Die Philharmoniker und Yuja Wang oder die vollendete Kunst der Effekte
Kein Geringerer als Gustav Mahler stand am Pult, als Sergej Rachmaninow sein drittes Klavierkonzert bei der Uraufführung 1910 in New York selbst spielte. Artur Rubinstein bezeichnete es wegen seiner enormen Schwierigkeiten als „Elefantenkonzert“.
Jetzt erlebte das Publikum dieses im Wiener Konzerthaus mit Yuja Wang: Kraftvoll, griffsicher, mit enormem Temperament musizierte sie auch die technischen Vertracktheiten des Werkes souverän. Allein bei aller Virtuosität: Die chinesische Pianistin – wieder in extravagantem Outfit – wusste zu wenig zu berühren.
Farbenreich begleitet wurde sie von den Wiener Philharmonikern unter Andrés Orozco-Estrada, wobei man nicht immer die ideale Balance zwischen Solistin und Orchester fand, denn sie wurde immer wieder vom Orchester zugedeckt.

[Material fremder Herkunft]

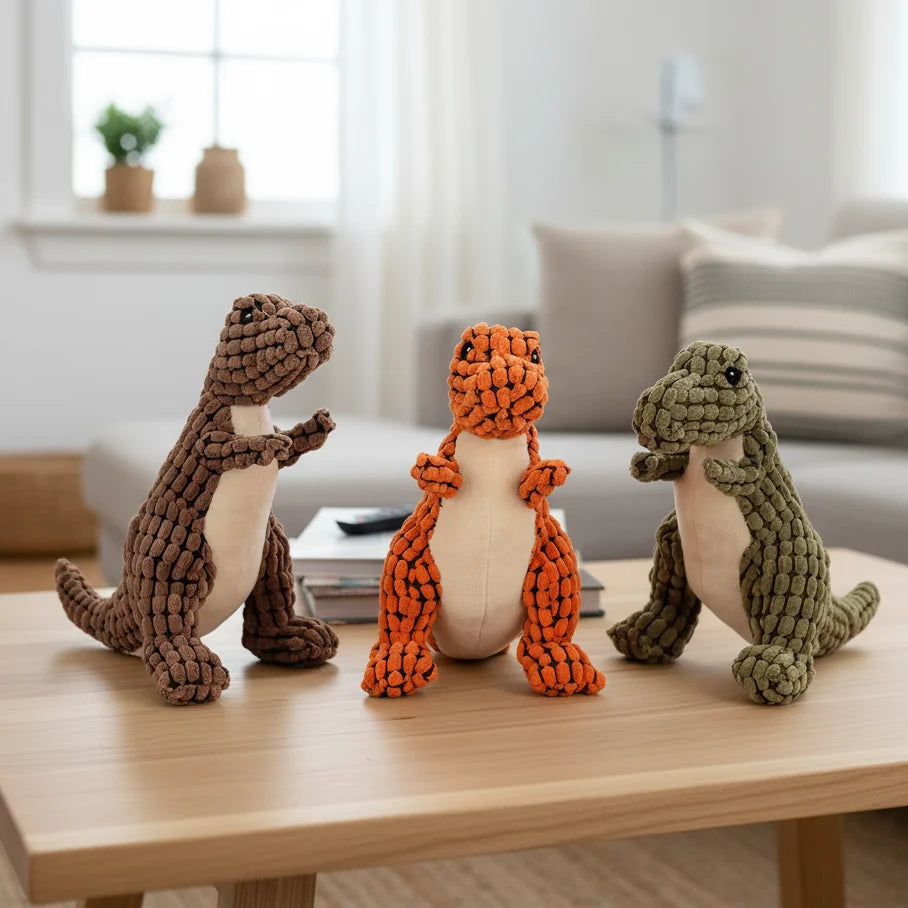 Dog Chew Toy Dinosaur Shape Durable Rubber for Strong Chewers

„Das Theater schien von einem Erdbeben heimgesucht zu werden. Leute schrien Beleidigungen, buhten und pfiffen, übertönten die Musik …“, so berichteten Medien über die Premiere.
Kein Zweifel: Die Uraufführung von „Le sacre du printemps“1913 in Paris war einer der größten Skandale in der Musikgeschichte und schrammte knapp am Abbruch vorbei. Aber nicht nur wegen der Musik von Igor Strawinsky, sondern auch wegen der damals völlig neuartigen Choreografie.
Heute ruft dieses Schlüsselwerk des 20. Jahrhunderts, das zu den Klassikern der Moderne zählt, längst keinen Skandal mehr hervor. Den dominanten Rhythmus und die diffizile Komplexität der Musik konnten die Philharmoniker unter dem präzise agierenden, kolumbianischen Dirigenten mit Urgewalt, vielen Schattierungen an Dynamik, Effekten und Farben großartig verwirklichen.